### Exercise data
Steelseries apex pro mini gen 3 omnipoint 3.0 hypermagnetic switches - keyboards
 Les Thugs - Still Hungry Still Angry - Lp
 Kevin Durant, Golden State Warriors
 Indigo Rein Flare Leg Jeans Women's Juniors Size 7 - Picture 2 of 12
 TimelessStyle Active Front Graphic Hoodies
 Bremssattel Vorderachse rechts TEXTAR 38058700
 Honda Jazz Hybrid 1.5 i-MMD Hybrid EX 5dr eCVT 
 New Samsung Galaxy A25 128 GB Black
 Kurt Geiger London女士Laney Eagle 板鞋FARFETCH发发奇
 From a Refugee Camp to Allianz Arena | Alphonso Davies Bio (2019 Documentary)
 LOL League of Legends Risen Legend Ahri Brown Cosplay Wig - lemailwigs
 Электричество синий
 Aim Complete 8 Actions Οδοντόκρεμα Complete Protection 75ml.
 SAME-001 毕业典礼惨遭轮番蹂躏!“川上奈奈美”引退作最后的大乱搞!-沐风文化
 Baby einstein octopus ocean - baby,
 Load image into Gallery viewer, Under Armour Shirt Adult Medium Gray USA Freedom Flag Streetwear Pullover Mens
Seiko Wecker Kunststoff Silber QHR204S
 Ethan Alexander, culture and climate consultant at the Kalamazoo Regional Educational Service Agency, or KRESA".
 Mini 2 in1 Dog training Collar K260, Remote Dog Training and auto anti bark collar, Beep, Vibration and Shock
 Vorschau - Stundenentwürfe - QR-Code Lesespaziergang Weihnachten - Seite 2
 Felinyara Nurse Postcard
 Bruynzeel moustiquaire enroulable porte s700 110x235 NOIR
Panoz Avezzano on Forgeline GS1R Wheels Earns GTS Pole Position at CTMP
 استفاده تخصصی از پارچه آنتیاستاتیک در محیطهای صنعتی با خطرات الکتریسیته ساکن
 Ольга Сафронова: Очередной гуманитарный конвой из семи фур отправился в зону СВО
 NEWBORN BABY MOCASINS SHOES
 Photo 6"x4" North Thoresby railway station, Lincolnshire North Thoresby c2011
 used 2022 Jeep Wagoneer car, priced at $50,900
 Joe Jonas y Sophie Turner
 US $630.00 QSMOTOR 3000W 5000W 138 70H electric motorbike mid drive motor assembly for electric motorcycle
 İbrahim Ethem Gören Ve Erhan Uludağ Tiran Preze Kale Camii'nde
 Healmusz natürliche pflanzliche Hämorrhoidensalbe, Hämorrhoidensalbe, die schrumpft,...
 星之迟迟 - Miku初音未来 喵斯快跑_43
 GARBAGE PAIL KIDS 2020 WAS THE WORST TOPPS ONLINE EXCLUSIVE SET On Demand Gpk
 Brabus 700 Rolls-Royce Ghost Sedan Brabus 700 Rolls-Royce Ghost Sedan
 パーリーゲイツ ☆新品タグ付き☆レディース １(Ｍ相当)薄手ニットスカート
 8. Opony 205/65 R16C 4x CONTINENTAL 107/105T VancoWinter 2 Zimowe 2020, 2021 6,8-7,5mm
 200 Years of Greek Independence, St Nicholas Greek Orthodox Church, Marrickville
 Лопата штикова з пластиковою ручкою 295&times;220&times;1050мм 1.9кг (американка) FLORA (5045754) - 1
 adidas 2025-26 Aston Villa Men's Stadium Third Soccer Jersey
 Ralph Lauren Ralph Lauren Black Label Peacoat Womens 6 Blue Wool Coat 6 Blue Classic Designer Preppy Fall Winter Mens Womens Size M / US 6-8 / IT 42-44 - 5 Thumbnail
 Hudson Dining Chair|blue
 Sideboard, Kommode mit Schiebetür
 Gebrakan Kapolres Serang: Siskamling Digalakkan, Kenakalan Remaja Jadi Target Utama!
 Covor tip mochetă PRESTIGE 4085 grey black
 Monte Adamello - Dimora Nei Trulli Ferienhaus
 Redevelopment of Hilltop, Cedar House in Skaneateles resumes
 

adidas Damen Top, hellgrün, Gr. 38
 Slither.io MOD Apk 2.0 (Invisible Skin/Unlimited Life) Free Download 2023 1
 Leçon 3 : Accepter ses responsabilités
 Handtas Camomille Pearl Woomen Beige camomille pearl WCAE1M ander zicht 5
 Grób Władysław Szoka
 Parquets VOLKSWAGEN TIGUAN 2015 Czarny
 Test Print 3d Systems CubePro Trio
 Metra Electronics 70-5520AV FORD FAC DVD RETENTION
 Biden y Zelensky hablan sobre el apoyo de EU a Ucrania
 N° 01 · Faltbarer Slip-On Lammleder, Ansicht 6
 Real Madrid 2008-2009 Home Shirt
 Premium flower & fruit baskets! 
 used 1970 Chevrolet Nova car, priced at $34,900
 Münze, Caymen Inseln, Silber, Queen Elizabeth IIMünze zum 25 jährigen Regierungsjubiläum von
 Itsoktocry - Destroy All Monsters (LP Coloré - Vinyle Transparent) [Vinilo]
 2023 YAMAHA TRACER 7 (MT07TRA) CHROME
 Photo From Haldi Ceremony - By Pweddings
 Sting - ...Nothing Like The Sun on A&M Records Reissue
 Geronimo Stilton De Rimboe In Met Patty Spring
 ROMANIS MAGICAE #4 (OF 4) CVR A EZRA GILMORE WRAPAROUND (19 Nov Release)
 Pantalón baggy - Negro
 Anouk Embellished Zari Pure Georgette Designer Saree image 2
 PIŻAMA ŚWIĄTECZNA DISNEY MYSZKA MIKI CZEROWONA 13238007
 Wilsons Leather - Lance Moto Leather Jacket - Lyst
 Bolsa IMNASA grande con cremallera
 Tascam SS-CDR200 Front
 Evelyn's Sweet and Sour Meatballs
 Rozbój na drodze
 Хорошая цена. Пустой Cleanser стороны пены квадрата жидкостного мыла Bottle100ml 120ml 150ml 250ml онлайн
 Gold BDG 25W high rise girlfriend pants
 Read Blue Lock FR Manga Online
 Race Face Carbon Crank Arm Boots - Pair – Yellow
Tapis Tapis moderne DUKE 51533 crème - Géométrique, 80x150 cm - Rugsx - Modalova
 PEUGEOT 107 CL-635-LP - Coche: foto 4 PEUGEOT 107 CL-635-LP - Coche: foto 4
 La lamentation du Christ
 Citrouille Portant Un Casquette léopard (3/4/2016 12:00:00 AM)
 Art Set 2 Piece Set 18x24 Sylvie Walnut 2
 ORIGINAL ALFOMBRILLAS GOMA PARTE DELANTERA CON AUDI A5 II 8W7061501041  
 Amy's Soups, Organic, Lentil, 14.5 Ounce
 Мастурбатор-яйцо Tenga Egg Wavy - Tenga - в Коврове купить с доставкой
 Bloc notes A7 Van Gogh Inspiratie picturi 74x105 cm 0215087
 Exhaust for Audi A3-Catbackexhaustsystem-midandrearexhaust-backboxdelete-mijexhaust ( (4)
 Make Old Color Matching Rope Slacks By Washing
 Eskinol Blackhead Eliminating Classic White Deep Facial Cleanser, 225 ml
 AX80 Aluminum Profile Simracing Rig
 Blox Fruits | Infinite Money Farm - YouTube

### Assignment
List all lines above in which the string "Photo" appears.

### Exercise result
 Photo 6"x4" North Thoresby railway station, Lincolnshire North Thoresby c2011
 Photo From Haldi Ceremony - By Pweddings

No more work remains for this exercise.